A lot has been written about the Mizuno MP and JPX lines. With Mizuno releasing new models in the two lines, it’s a good time to compare the latest models from the two lines. If you have the opportunity to choose between the MP and JPX, which one would you go for?

While Mizuno maintained the classic look in the MP line, the brand has introduced a more modern and aggressive look in the JPX line making way for those who have been waiting to see something more stylish and flashy.

And with the newer technology in the JPX series, you have more opportunities for game improvement than in the MP series.

In some cases though, it’s not about the build or the look of the club. But rather the performance. The feel. The Sound…All of which can’t be examined except after testing or benefiting from the experience of those who have trailed the path and tested the two.

In the following paragraphs, I bring you the real-world reports about MP 20 and JPX 900 Tour Irons…

How Does the JPX 900 Compare to MP 20?

Both the JPX900 and MP 20 have a similar profile, you will find them very different in looks. The JPX irons are built as a powerful club for pro players. They have a clean and cooler appearance more flair than the MP line.

MP Irons, on their own, is more suitable for players who like to maintain the status quo, or in other words, the traditional look.

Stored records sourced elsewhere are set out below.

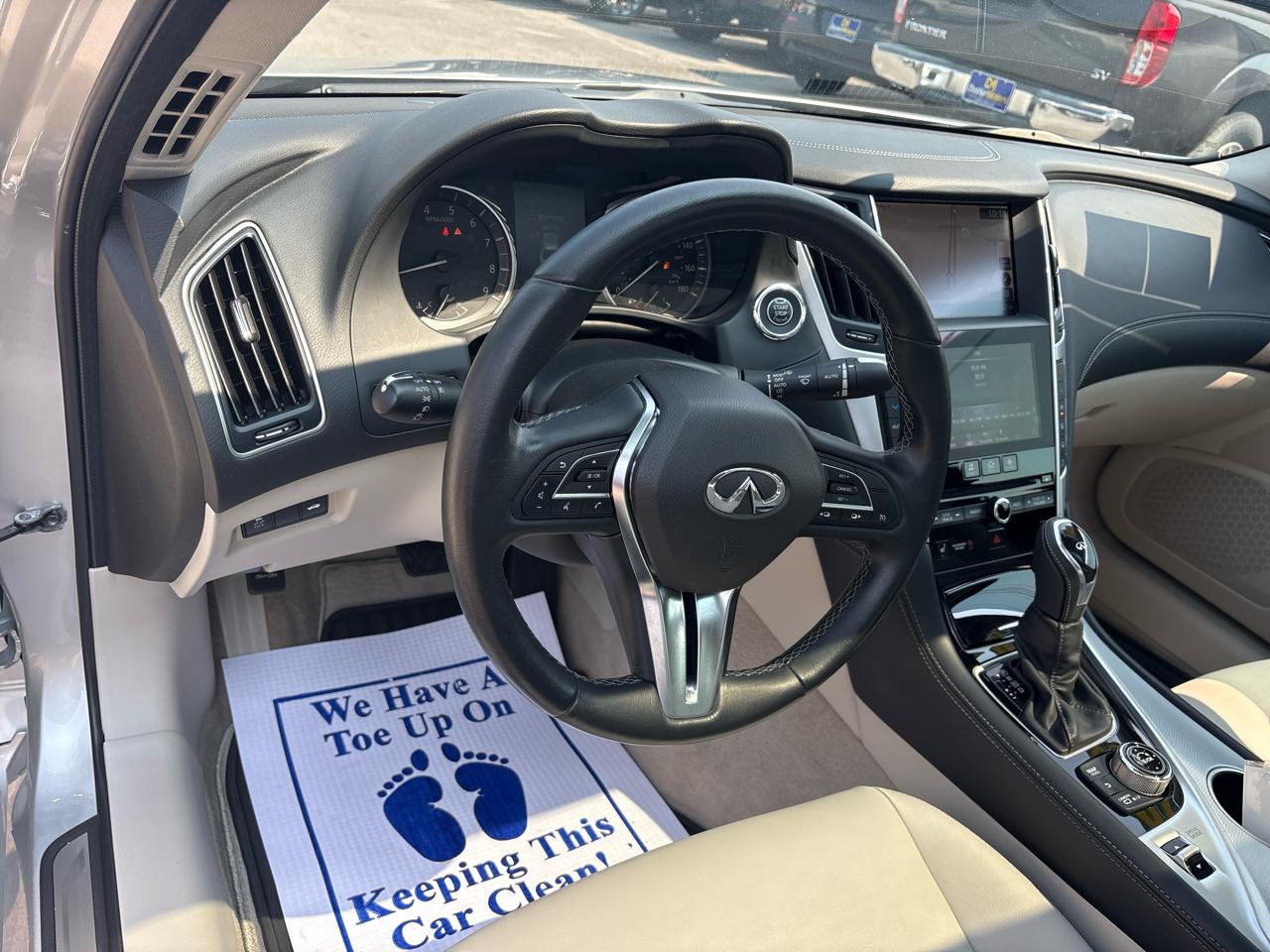 Infiniti Q50 3.0t LUXE 2020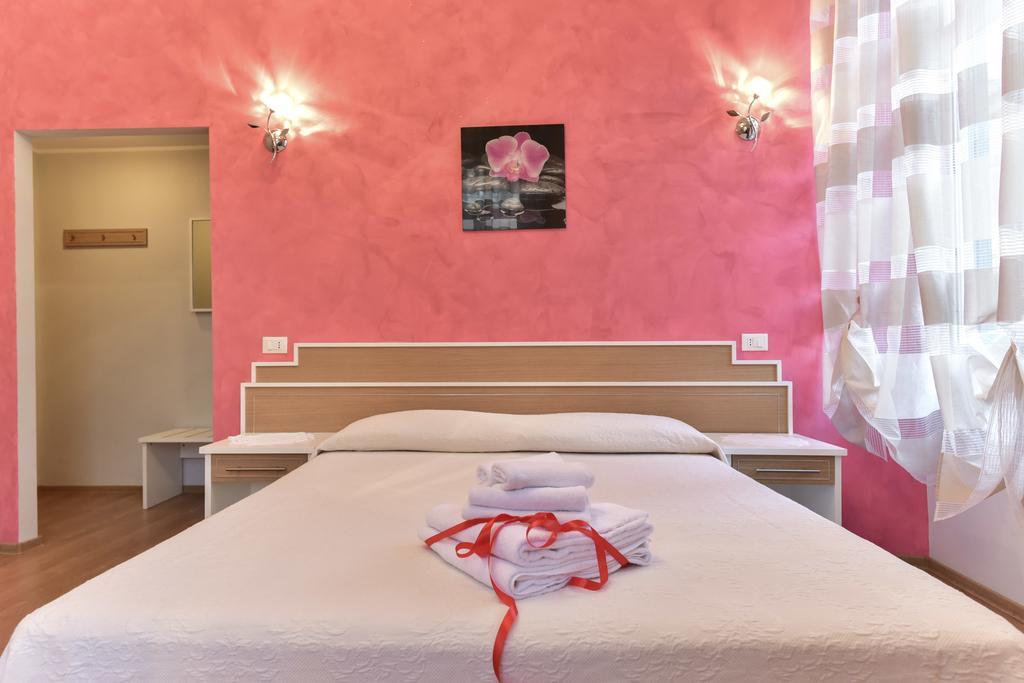 Claudia Suites ローマ エクステリア 写真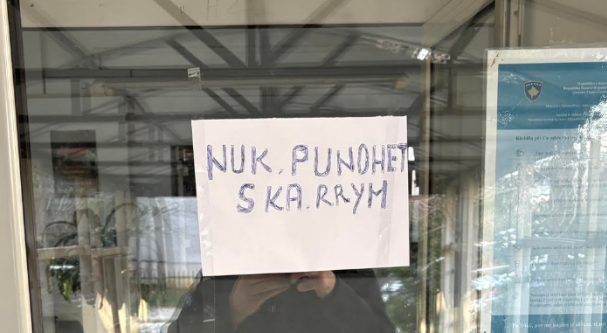 Ankohen qytetarët, MPB-ja nuk paguan rrymën, s’i kryen punët e veta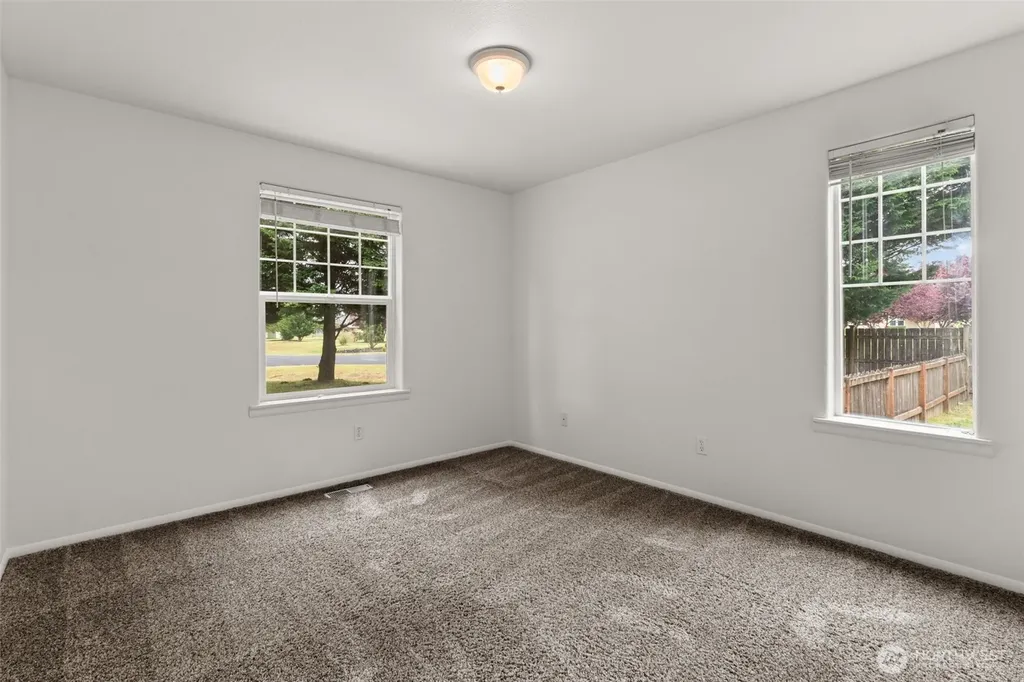 9519 185th Avenue SW Rochester WA 98579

It should be clear to you now that the MP irons maintain the classic look of the previous model while more cutting-edge technology is introduced in the JPX line, especially in the newer models.

In a test featuring both the MP and JPX lines, the testers found little difference between them in terms of performance. Both lines deliver similar stats for ball speeds, spin, and even launch.

The Lineup – A Comparison

One distinguishable feature of the MP’s is that it stacks quite an impressive lineup of clubs. Many of these are similarly lofted allowing players to mix and match for the best set.

The JPX lineup may not offer you this luxury, at least to the extent you’ll enjoy it on the MP.

The sandblasted finish of the JPX sets them apart from the competition, including the MP line. A new cavity is found at the back of the JPX 900 Tour with a different knack than the MP. Some players state that they find it a little busy though.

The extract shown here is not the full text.